# Bonita



## River Hooligans (Dec 26, 2012)

Went out to pensacola beach from 7 to 10 this morning. Had Bonita blitzing all over the beach for three hours. Hooked up about a dozen landed 4. It was good times. Got all of them on a white gurgler size 2.


----------



## bigspoon17 (May 31, 2011)

So jealous! What part of the beach? I need to try this tomorrow.


----------



## fishboy (Oct 6, 2007)

Sweet, that has been my plan for Sunday with the north wind. Glad you got on them, I tied a couple bonita bunnies that need to get chewed on.


----------



## River Hooligans (Dec 26, 2012)

I was just west of the pier, but from the birds I could see looked like fish all up and down. I just stood in one spot and every 10 to 15 min the would run by. I plan to be back out there tomorrow, and Sunday. I drive a tab Tacoma with ct plates if anyone wants to meet up.


----------



## GWally (May 16, 2009)

What size are they? Might be nice to have a few in the freezer for Marlin bait if they aren't too big.


----------



## bigspoon17 (May 31, 2011)

River Hooligans said:


> I was just west of the pier, but from the birds I could see looked like fish all up and down. I just stood in one spot and every 10 to 15 min the would run by. I plan to be back out there tomorrow, and Sunday. I drive a tab Tacoma with ct plates if anyone wants to meet up.

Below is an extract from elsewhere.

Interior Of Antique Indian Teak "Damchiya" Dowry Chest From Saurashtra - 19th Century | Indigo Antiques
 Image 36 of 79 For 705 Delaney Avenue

Going tomorrow morning, will look for you. The gf loves to catch reds from the beach so I'll be multitasking. :thumbsup:


----------



## ride135 (Dec 30, 2012)

Will shese same fish be around come Feb?
If so what the heck is a White Gurgler?
Coming down to the St Joe bay area for the month of Feb with the kayak and hope to do a day or two off the beach there.
Saw a few there last year but they would not hit anything I threw at them. Will they hit live bait and if so what and were would I get it?
I have my own cast net!
Dave from Ohio


----------



## wtbfishin (Dec 2, 2011)

Oh Boy! Oh Boy! :thumbup: Well aren't you the lucky one, none down this way well East of you, just a cold N wind a-blowin!!! 

Hey Dave they hit every Gummy Minnow I got in front of them last year; when I see them comin' I get Buck Fever!!


----------



## Fisherdad1 (Oct 4, 2007)

He is fly fishing. A gurgler is a top water fly that casts better than a big popping bug, but gives plenty of surface splash.
- Fisherdad1


----------